Basically, this book was awesome. I loved it and am so glad I read it when I did.

Published: 14th June 2018
Source: Purchased
Genre: Contemporary, Young Adult
My Rating:
Charlie Grant’s older sister is getting married this weekend at their family home, and Charlie can’t wait—for the first time in years, all four of her older siblings will be under one roof. Charlie is desperate for one last perfect weekend, before the house is sold and everything changes. The house will be filled with jokes and games and laughs again. Making decisions about things like what college to attend and reuniting with longstanding crush Jesse Foster—all that can wait. She wants to focus on making the weekend perfect.

The only problem? The weekend is shaping up to be an absolute disaster.

There’s the unexpected dog with a penchant for howling, house alarm that won’t stop going off, and a papergirl with a grudge.

There are the relatives who aren’t speaking, the (awful) girl her favorite brother brought home unannounced, and a missing tuxedo.

Not to mention the neighbor who seems to be bent on sabotage and a storm that is bent on drenching everything. The justice of the peace is missing. The band will only play covers. The guests are all crazy. And the wedding planner’s nephew is unexpectedly, distractingly…cute.

Over the course of three ridiculously chaotic days, Charlie will learn more than she ever expected about the family she thought she knew by heart. And she’ll realize that sometimes, trying to keep everything like it was in the past means missing out on the future.
The final book for this is probably the one I rated the lowest… but that’s still only 4 stars so not all that low. It was different from the other two. It took place over a couple of days and I usually hate books like that… but it worked. This also wasn’t a romance. This was all about family and I loved it for that, but definitely not what I expected. It was so much fun seeing this large group of siblings all gathered together for their sister's wedding.

Charlie was the youngest, and the only child in the Grant family left at home. She is heading to college at the end of the year and hasn't had all of her siblings gathered together in one house for a long while so it's safe to say she was excited. She had her own ideas of how the weekend of her sister’s wedding weekend would go with her family all gathered together for the first time in ages. So you know it all goes wrong and in the best way to make it fun to read.

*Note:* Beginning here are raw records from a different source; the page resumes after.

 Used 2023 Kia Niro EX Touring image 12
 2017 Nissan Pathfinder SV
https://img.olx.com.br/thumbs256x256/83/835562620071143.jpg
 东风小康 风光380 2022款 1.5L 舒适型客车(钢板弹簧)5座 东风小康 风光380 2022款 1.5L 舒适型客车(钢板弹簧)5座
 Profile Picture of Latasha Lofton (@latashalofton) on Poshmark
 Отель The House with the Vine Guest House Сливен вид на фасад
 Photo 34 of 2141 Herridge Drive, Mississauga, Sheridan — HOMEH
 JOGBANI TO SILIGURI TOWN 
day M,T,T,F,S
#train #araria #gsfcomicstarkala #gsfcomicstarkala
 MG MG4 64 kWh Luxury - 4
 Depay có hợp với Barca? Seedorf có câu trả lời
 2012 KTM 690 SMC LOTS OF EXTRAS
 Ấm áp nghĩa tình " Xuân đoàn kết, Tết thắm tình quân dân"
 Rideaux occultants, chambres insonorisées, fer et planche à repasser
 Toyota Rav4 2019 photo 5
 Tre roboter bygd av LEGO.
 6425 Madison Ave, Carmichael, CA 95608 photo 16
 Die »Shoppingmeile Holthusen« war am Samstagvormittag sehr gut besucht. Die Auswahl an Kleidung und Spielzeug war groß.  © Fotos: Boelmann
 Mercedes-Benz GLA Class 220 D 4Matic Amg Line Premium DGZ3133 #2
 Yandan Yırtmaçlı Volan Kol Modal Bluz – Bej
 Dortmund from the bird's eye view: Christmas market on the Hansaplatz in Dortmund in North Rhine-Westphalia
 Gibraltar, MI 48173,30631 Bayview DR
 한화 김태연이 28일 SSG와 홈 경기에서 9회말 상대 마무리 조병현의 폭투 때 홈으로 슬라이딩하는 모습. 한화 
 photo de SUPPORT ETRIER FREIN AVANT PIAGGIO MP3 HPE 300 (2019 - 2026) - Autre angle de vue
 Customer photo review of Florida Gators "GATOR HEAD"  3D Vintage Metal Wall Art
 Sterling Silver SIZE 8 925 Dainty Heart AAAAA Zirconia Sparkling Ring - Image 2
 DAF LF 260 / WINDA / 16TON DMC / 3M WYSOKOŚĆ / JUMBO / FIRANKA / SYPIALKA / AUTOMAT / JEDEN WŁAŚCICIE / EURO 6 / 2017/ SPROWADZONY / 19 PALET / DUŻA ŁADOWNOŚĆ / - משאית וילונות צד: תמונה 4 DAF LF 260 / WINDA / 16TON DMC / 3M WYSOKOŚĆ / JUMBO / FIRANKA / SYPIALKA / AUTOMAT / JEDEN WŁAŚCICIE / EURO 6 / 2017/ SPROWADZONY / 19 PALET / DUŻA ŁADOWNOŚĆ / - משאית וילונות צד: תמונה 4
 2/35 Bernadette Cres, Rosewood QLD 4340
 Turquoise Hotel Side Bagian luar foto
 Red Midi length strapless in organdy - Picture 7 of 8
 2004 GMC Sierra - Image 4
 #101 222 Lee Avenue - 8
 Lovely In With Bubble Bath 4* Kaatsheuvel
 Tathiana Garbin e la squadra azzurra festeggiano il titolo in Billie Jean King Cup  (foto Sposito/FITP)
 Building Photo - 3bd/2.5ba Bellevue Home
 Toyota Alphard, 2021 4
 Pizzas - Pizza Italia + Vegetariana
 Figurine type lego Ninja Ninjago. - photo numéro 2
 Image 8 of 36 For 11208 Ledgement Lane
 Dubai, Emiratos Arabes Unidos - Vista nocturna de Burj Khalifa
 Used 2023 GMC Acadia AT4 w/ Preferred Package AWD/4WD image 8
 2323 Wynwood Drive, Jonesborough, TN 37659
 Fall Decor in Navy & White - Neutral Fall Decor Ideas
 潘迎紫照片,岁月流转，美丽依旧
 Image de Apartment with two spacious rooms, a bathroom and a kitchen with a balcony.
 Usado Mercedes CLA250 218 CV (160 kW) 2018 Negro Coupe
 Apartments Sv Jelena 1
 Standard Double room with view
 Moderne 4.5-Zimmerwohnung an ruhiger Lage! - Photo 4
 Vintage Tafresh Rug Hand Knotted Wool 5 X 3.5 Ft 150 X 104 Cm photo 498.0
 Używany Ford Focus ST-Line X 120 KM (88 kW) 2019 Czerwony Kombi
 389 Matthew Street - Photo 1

Over the course of the book, you get to know her siblings, Danny, JJ, Mike and Linnie, and the rest of her family too. It was a chaotic weekend of endings and new beginnings and over the course of the book, Charlie opens her eyes to her family. It's so easy to not see your family as they truly are, especially as the youngest sibling. When you're younger sometimes family feels like they need to protect you and then you have rose coloured glasses on when it comes to your family. Finally, Charlie begins to truly see some of her family and not all of the revelations are welcome, but they are necessary

This book is all about growing up really and it was nice to see that even though Charlie's siblings were older than her, they also needed to do some growing up, but also were young at heart. From late night capture the flag to giggling fits (which we all know are catching) on live TV. They all were still young at heart and being in the family home brought at the side that Charlie can still remember from when she was young. I liked that they all of them they had growing up to do and some of them did it in the book, and others you know had that growth to come.

I won't reveal all as they are some surprises (which aren't all that surprising) but it was such a good book all about family and how family changes with time but they are always there for you. I really enjoyed it and it reminded me that Morgan Matson always writes books which touch you.

Have you read any of these? Isn’t it great when you find some awesome books you weren’t expecting to read any time soon?